Step-by-step guide - Kludged restores for Session mapping bug - restore with 5.4.2-8
- Run will send fail email with error code 2 (note that error code 2 can also refer to other issues such as incomplete ASDM downloads, so double-check that the ASDMs in the raw directory do not have any ASDMBinary files ending .missing)
- Starting in the spool/xxxx/xxxx/working directory, run almaReimageCube with specified restore and imaging versions (full path needed) and supply the job ID and directory uid (not the MOUS uid) to the --request parameter e.g. almaReimageCube --restore_casa /home/casa/packages/RHEL7/release/casa-release-5.4.2-8 --image_casa /home/casa/packages/pipeline/casa-6.1.1-10-pipeline-2020.1.0.36 --request 475229560 uid___A002_Xc89480_X1a40 (note this only works in pipelines that have the separate imaging recipe, CASA 6+)

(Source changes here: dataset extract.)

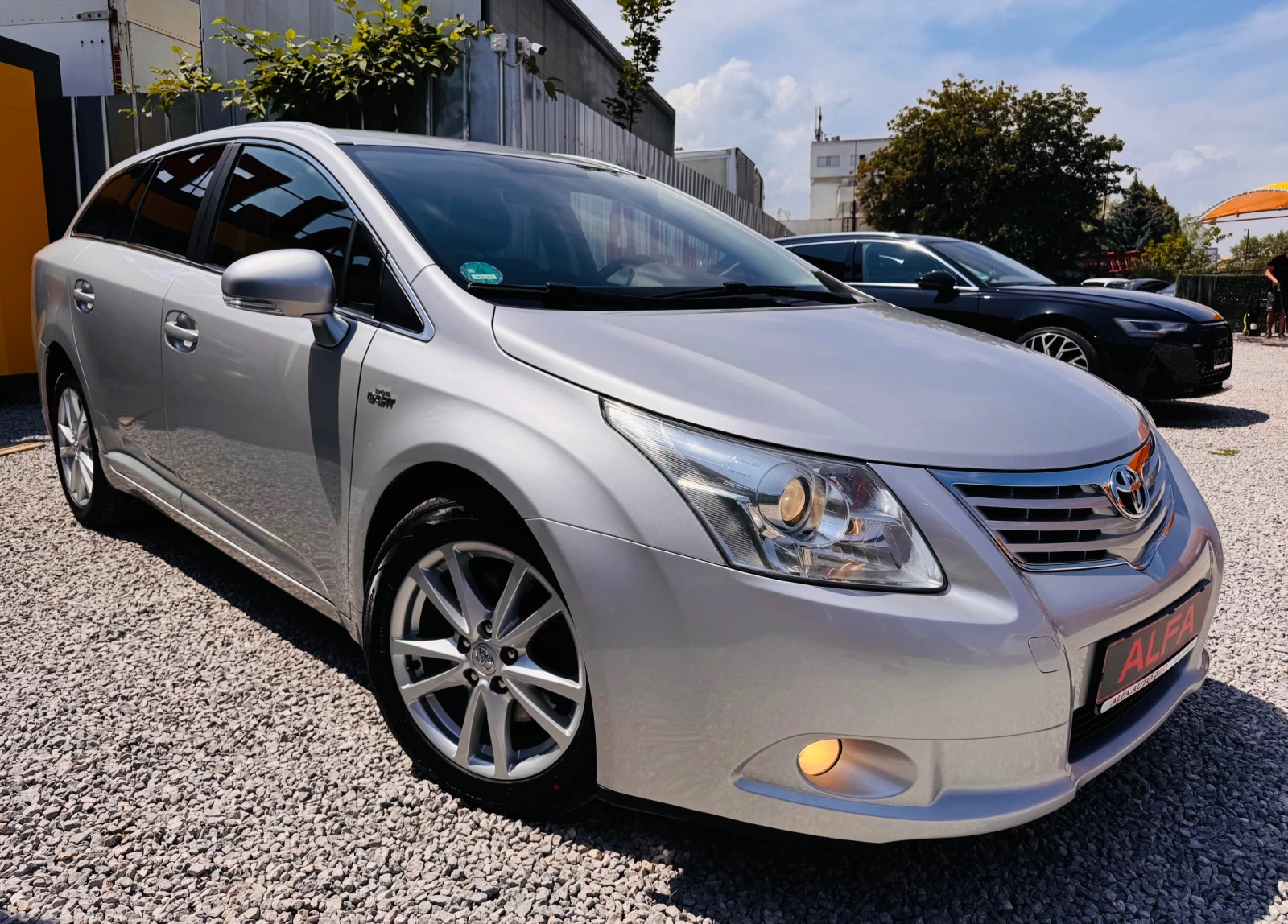 Toyota Avensis 2.2D/АВТОМАТИК/НАВИ/КАМЕРА/1 СОБСТВЕНИК/НОВА/// - изображение 5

- The run should terminate as usual and the usual QA should be possible.
Step-by-step guide - fully manual runs
- Run the restore on the dataset using the appropriate version of CASA.
- Copy the <uid>casapipescript.py from the original failed imaging run's spool/<uid>/products directory into the working directory of the restore.

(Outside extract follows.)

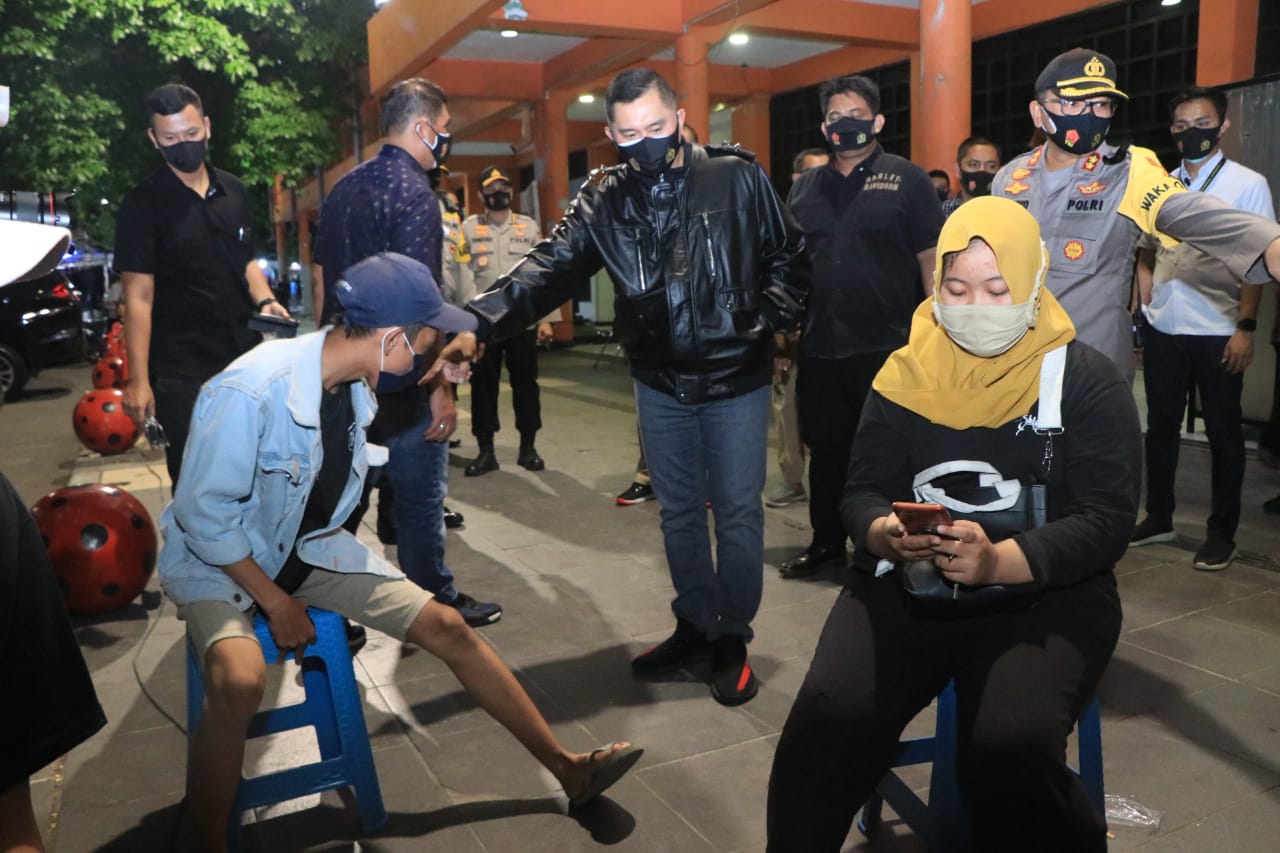 Kapolda Jawa Timur meninjau operasi yustisi di daerah rawan penularan covid-19.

- Edit the imaging casapipescript to replace hifa_restore for the raw ASDM with hifa_importdata(vis=<calibrated msname[s]>, session=[sessionid], dbservice=False) for the restored MS, also add hifa_exportdata(imaging_products_only=True) at the end.

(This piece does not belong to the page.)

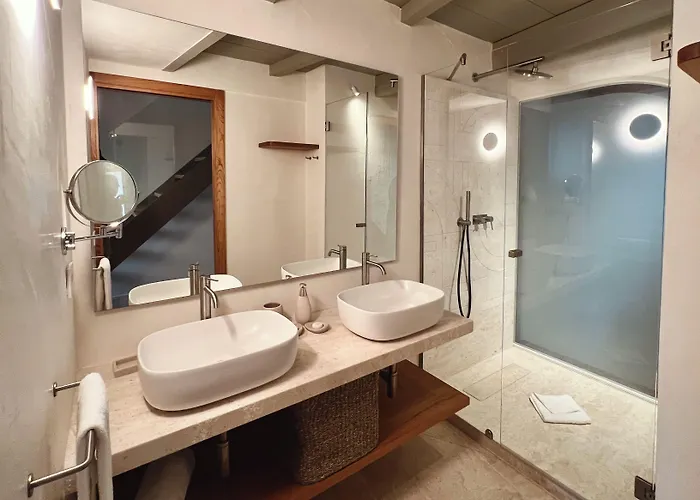 Hotel La Suera San Pantaleo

- Remove the products directory from the restore run.
- start casa --pipeline
- execfile('<uid>casapipescript.py')
- Make a <jobid>/<uid> directory in the image-qa area
- copy the rawdata, products and working into the image-qa area
- Do QA and run audiPass in the usual way.
Step-by-step guide - large cubes
- Run the restore on the dataset using the appropriate version of CASA or grab the mses from the working directory of the failed run.
- Typically the first attempt will have failed in findcont, need to rerun - options are: (1) download the cont.dat file from the ALMA archive (in auxproducts), rerun without findcont or (2) insert hif_productsize into the script or PPR, and see it it will rerun with mitigations (this can also be used to generate a casa_pipescript template for option (1)) then copy the cont.dat file from that.
- Typically you will need to interact with the user to find acceptable mitigations (e.g. smaller image size).
- Then proceed as for fully manual runs above.